**TASK DIRECTIONS:** Please set down, unchanged, each line from the one with "Kiều nữ Vbiz" to the final line of the data below, both included. Drop the pictures.

Short descriptive text snippets

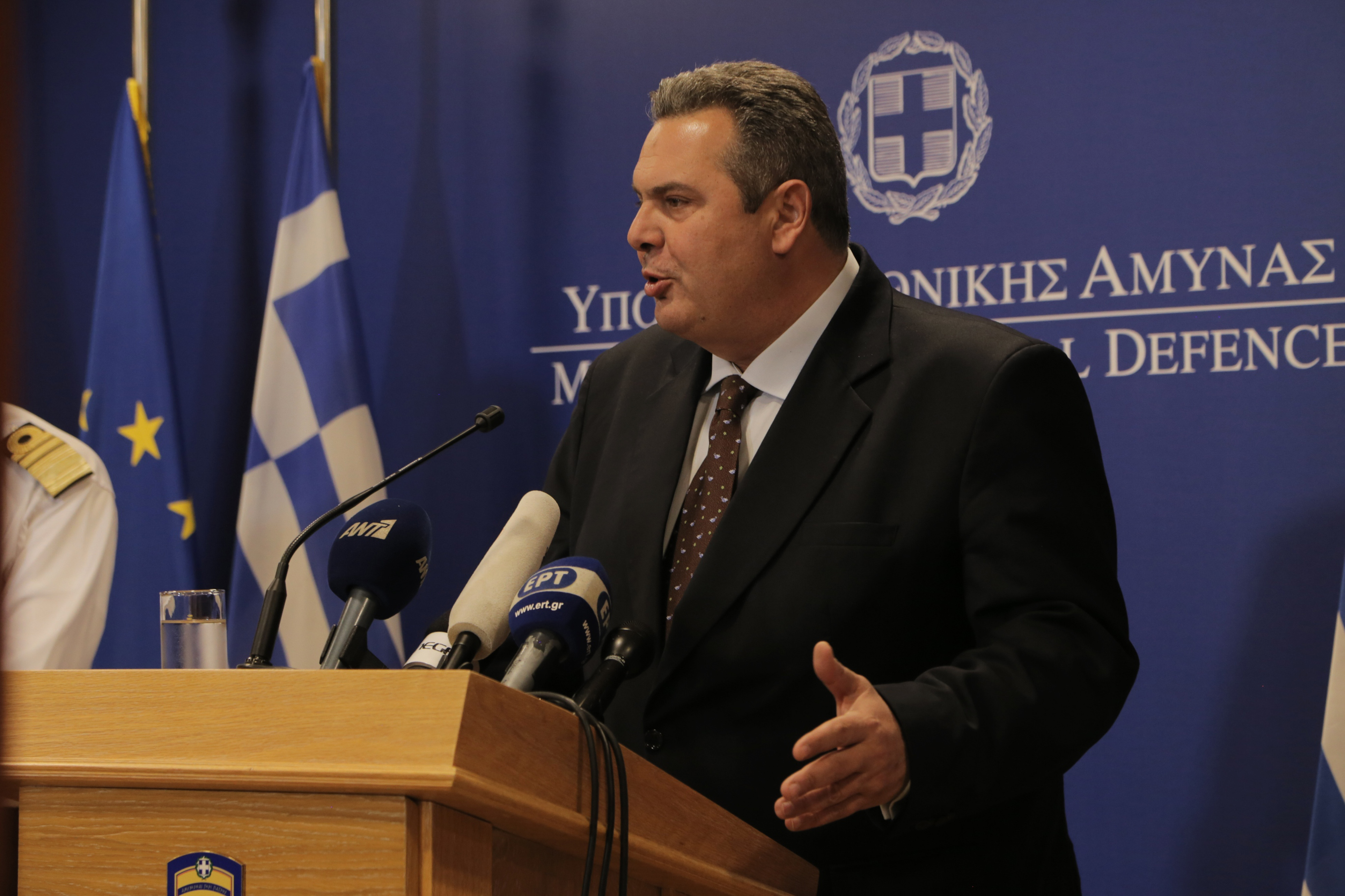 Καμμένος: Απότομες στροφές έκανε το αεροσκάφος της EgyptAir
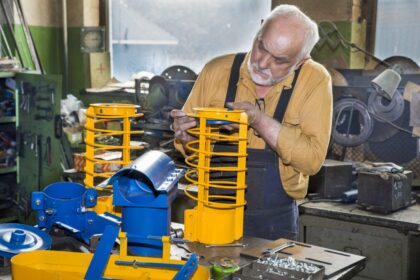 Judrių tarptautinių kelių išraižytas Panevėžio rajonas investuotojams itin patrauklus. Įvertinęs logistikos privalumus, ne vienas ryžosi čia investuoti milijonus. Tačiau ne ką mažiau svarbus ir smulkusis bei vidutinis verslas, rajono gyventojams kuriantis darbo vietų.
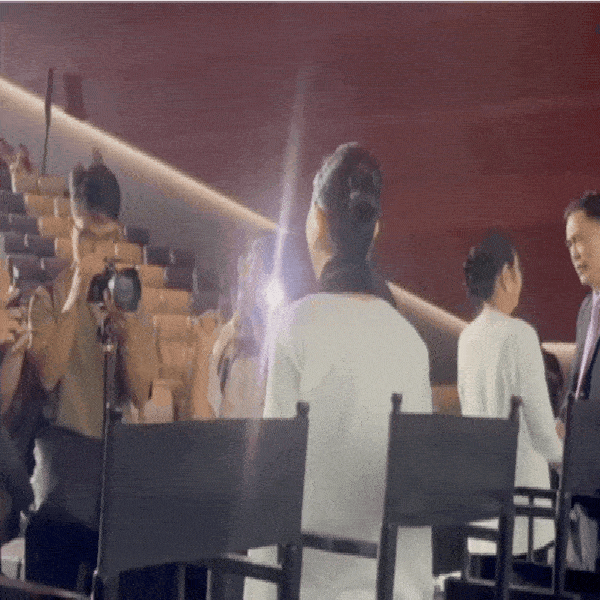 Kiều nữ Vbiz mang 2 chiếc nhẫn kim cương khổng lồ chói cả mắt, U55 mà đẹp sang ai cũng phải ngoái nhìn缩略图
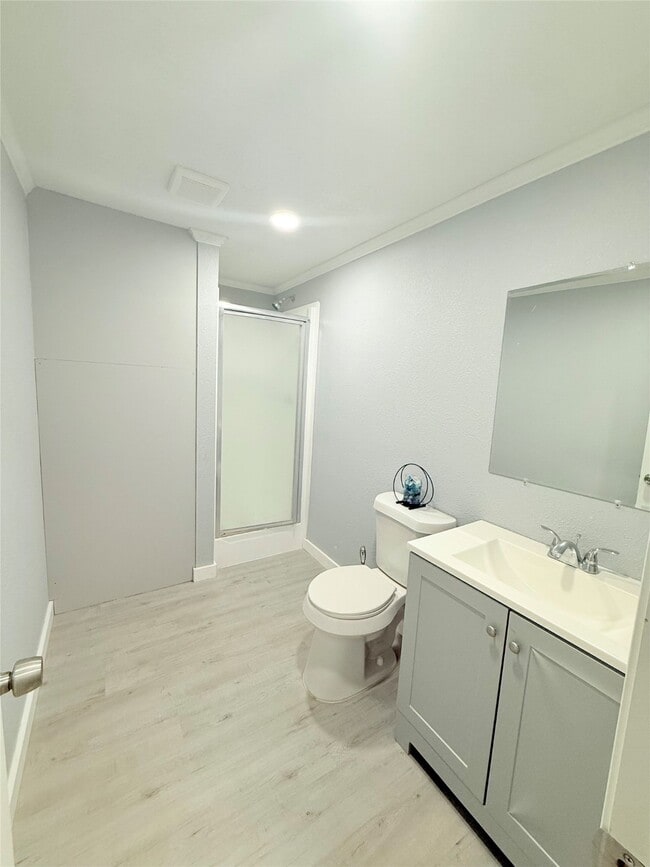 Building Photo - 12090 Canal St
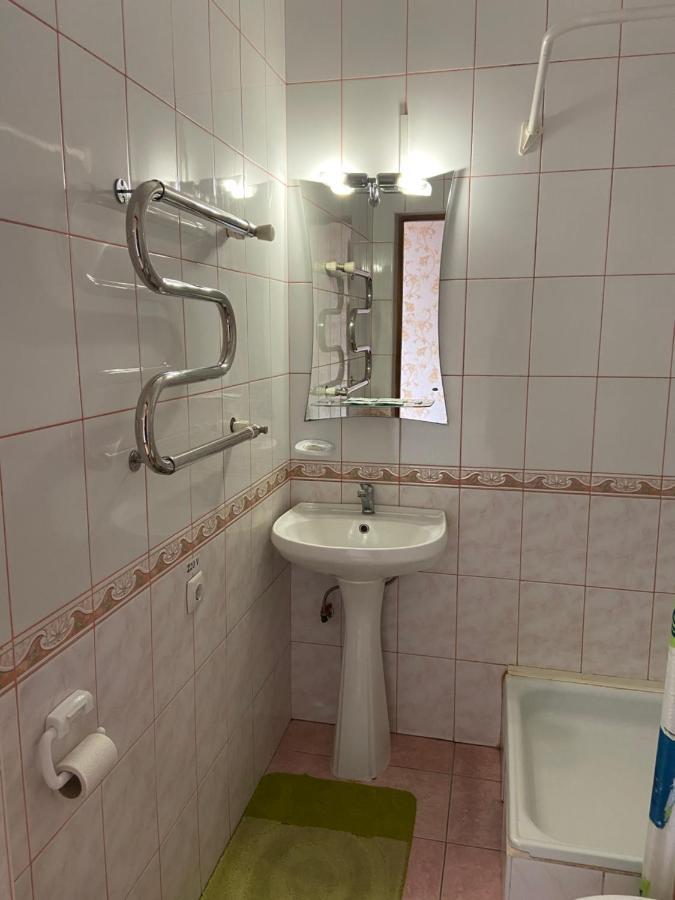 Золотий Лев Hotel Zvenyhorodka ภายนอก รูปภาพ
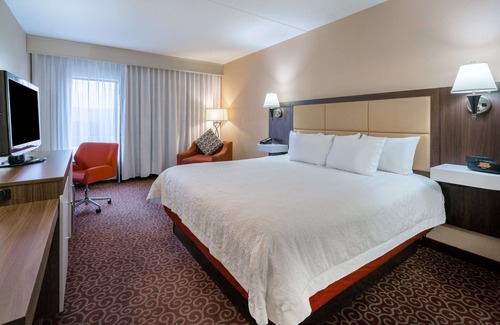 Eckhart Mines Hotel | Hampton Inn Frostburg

**COMPLETED TASK:**
 Kiều nữ Vbiz mang 2 chiếc nhẫn kim cương khổng lồ chói cả mắt, U55 mà đẹp sang ai cũng phải ngoái nhìn缩略图
 Building Photo - 12090 Canal St
 Золотий Лев Hotel Zvenyhorodka ภายนอก รูปภาพ
 Eckhart Mines Hotel | Hampton Inn Frostburg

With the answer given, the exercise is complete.